Entries supplied below:
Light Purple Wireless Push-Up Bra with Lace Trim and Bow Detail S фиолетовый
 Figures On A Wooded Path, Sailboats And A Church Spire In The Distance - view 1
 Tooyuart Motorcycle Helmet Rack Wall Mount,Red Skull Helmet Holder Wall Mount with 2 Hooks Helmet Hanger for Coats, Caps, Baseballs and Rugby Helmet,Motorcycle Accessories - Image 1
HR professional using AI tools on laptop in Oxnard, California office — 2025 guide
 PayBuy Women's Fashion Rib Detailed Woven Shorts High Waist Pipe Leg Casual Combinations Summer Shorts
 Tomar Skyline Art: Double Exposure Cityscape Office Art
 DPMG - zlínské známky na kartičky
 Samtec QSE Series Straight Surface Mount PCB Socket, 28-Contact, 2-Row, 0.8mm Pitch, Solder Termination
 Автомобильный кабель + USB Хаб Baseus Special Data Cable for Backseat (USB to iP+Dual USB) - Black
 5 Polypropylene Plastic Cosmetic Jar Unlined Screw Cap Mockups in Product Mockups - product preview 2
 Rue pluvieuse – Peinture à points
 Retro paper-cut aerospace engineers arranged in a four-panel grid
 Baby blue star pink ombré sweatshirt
End of Entries supplied.
### What to work on
An exact repeat of the lines from the one containing "Tomar Skyline Art: Double" through the final line of the entries is the whole answer.

### Task answer
 Tomar Skyline Art: Double Exposure Cityscape Office Art
 DPMG - zlínské známky na kartičky
 Samtec QSE Series Straight Surface Mount PCB Socket, 28-Contact, 2-Row, 0.8mm Pitch, Solder Termination
 Автомобильный кабель + USB Хаб Baseus Special Data Cable for Backseat (USB to iP+Dual USB) - Black
 5 Polypropylene Plastic Cosmetic Jar Unlined Screw Cap Mockups in Product Mockups - product preview 2
 Rue pluvieuse – Peinture à points
 Retro paper-cut aerospace engineers arranged in a four-panel grid
 Baby blue star pink ombré sweatshirt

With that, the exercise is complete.